• Goal of the exercise: Look through the data below. Pick out the lines holding the string "Black".

Items from a dataset

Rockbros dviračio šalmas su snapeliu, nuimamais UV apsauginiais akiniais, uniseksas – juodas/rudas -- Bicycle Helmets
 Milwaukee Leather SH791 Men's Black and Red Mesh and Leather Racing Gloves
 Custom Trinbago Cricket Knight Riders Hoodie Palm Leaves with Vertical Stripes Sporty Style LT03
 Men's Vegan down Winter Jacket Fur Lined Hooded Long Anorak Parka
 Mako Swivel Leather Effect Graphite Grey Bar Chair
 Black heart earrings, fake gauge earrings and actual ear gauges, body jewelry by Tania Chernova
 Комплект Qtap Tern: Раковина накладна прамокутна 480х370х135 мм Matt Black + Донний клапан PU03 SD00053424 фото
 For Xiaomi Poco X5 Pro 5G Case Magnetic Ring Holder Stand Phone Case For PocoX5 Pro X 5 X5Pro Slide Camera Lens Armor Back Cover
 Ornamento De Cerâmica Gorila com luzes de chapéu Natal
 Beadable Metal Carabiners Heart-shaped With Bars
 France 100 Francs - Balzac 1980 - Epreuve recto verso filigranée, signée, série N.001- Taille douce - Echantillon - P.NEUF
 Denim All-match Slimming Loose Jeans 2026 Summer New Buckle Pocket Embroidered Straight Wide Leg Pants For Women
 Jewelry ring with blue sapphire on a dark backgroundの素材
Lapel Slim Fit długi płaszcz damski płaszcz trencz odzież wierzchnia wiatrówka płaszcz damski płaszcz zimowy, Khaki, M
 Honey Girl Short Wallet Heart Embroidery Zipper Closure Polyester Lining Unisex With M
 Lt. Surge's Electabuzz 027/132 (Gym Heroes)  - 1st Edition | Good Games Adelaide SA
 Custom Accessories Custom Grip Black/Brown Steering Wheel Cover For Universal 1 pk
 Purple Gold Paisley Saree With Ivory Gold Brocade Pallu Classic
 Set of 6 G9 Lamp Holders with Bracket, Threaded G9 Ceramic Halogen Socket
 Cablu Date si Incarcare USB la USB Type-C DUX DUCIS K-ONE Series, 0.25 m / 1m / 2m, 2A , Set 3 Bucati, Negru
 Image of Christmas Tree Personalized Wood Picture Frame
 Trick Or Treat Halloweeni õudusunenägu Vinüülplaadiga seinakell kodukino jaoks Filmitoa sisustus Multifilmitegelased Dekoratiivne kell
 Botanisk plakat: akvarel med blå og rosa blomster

• Answer to this exercise:
 Milwaukee Leather SH791 Men's Black and Red Mesh and Leather Racing Gloves
 Black heart earrings, fake gauge earrings and actual ear gauges, body jewelry by Tania Chernova
 Комплект Qtap Tern: Раковина накладна прамокутна 480х370х135 мм Matt Black + Донний клапан PU03 SD00053424 фото
 Custom Accessories Custom Grip Black/Brown Steering Wheel Cover For Universal 1 pk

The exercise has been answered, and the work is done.